Editorial: Passing connections do not radicalise a mosque
People should take great care when considering views that an Australian and a New Zealander linked to an al Qaeda terrorist group and killed in Yemen had been radicalised at the mosque in Christchurch.
Mosque leaders say they are shocked and disturbed by the suggestion and that they have a policy of reporting anyone discussing jihad or extremist ideas to the appropriate authorities or the president of the Islamic association.
There is no real evidence that anyone in Christchurch is engaged in anything other than peaceful and religious activities at the mosque and the rest of the population should keep that firmly in mind.

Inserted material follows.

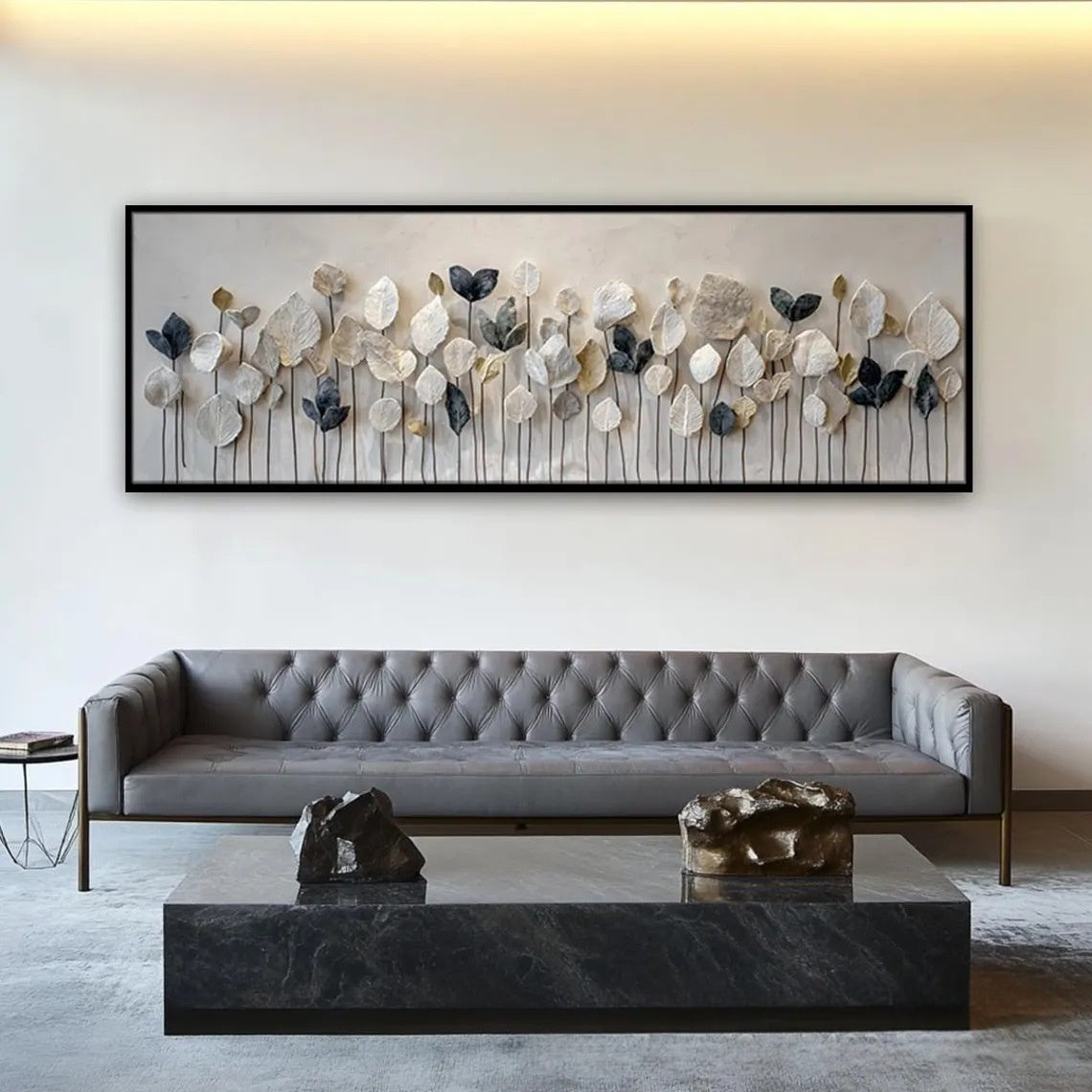 Minimalist Leaf Panoramic Art Canvas Painting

Australian Christopher Havard and dual New Zealand-Australian national Daryl Jones were killed by a missile fired by a US drone in November.
Australia's ABC news reported this week the pair had been on an Australian Federal Police watchlist because of their links to al Qaeda in the Arabian Peninsula (AQAP) terror group. Havard and Jones - who went by the name Muslim bin John - reportedly met in Christchurch after Havard converted to Islam.

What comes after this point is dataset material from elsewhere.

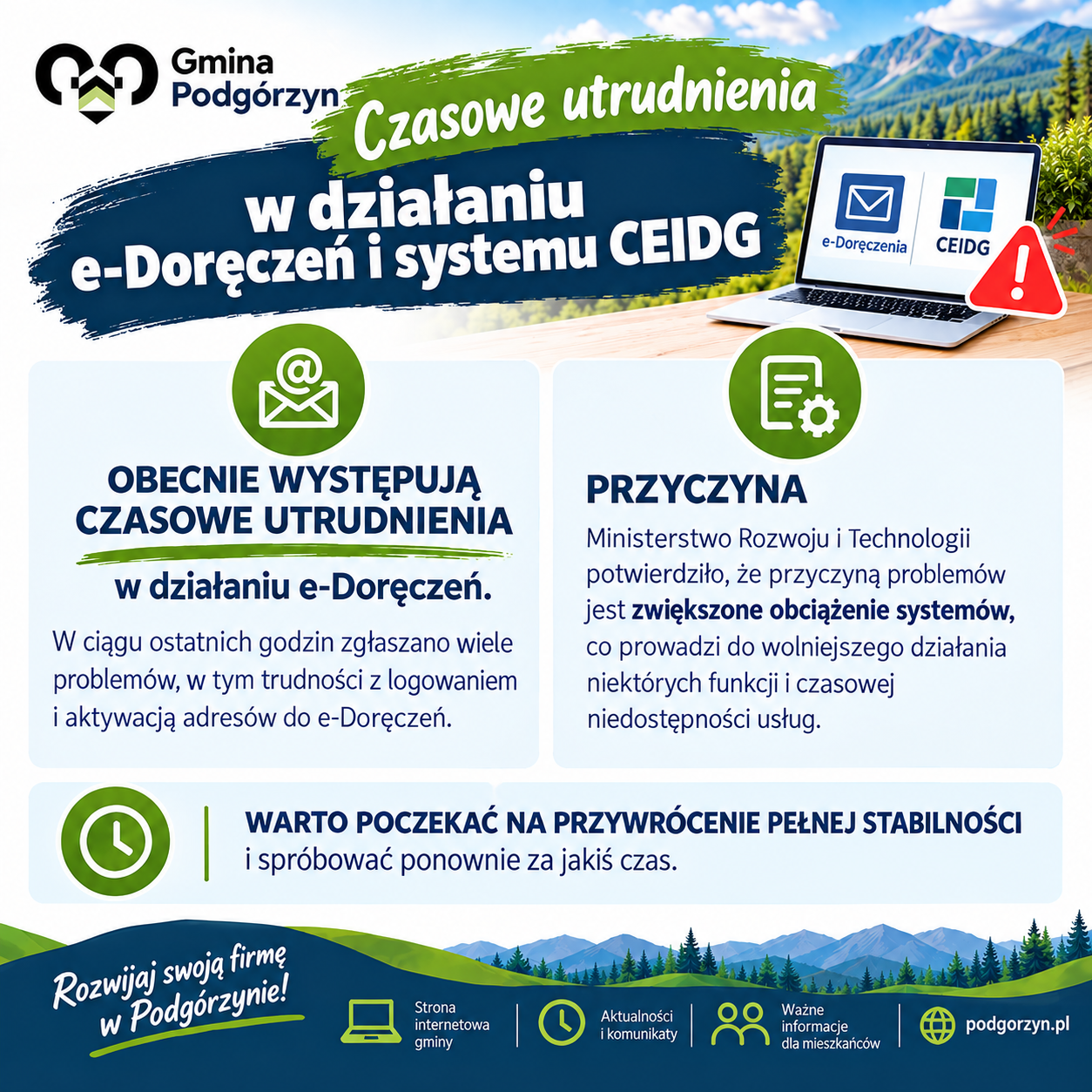 Czasowe utrudnienia w działaniu e-Doręczeń i systemu CEIDG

Havard's mother and stepfather, Bronwen and Neill Dowrick, said their son joined the local mosque and told them that was where he first encountered radical Islam.

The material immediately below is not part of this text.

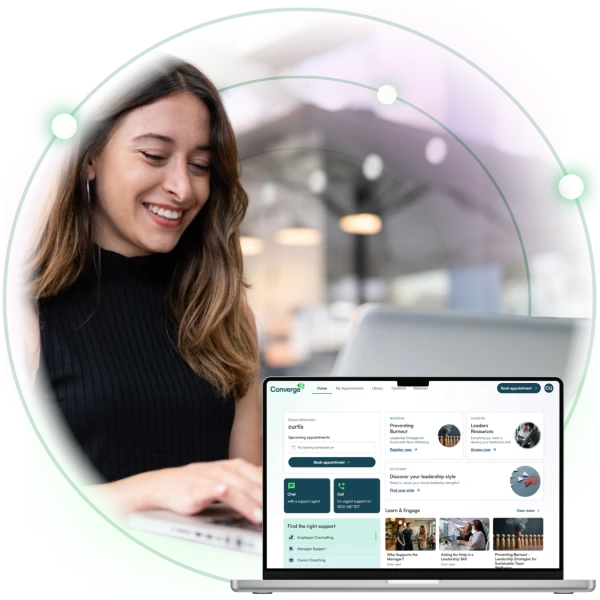 Employee exploring the Converge employee wellbeing portal
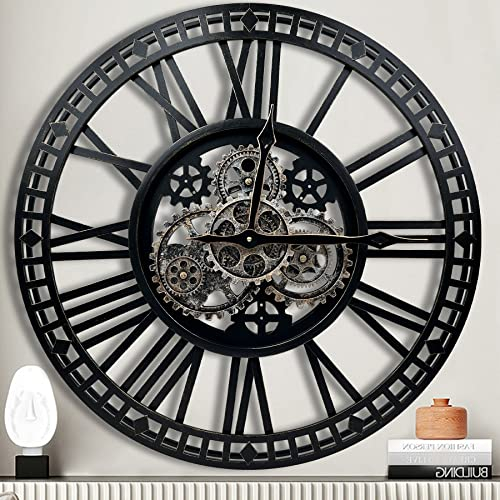 DORBOKER Large Wall Clock Moving Gears Oversized Industrial Steampunk Decorative Retro Roman Numerals Skeleton Silent Wall Clocks for Living Room Kitchen Office (Black Gold 60cm/24inch)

It is more likely that Havard radicalised himself, given the ready availability of extremist material on the internet.
Just because he was attending a local mosque while he was doing so doesn't make the people at the mosque responsible for the progress of his life or his eventual terrorist associations.
Most religions have extremists and an analogy is apt. Say a newcomer to Christchurch attached himself to a local Christian congregation but found more to his liking the reports online of the activities and views of the Westboro Baptist Church of Topeka, Kansas, which has become a byword for intolerance and Christian extremism.
We would not blame the Christchurch congregation for whatever he chose to do next. The worshippers of the Deans Ave mosque deserve no less consideration.
That is not to say that we can afford to be complacent about the reach of radical ideas into New Zealand.
We may be far away from the world's worst trouble spots, but we are not unconnected to them, and modern connectivity and communications allows the rapid spread of ideas even to the remotest corners of the South Pacific.
Prime Minister John Key has said that the security and intelligence services are alert to the possible radicalisation of people in New Zealand. He also says he does not believe Christchurch is a base for radicalism.
There are about 2600 people in Christchurch who identify as Muslim, and about 46,000 in New Zealand.
A quarter of them were born in this country; many others come from the Pacific islands.
Some have arrived as refugees escaping the sort of strife that occurs when religious extremism of any hue takes hold.
There have been prominent news stories of late that some ignorant or bigoted people might latch on to - the kidnap of the Nigerian schoolgirls is one; the death sentence given to a Sudanese mother for "apostasy" another.
In fact, these have as much and as little to do with Christchurch Muslims as the history of sectarian violence in Northern Ireland does to Christchurch Christians.
Our local Muslim community are right to be vigilant and it is encouraging to learn they have procedures in place to report disturbing behaviour among people in their midst.
The passing connection with one or two known extremists should be seen for what it is - an aberration.
Now, it is hoped that the Christchurch Muslim community can be left to continue with their devotions in peace.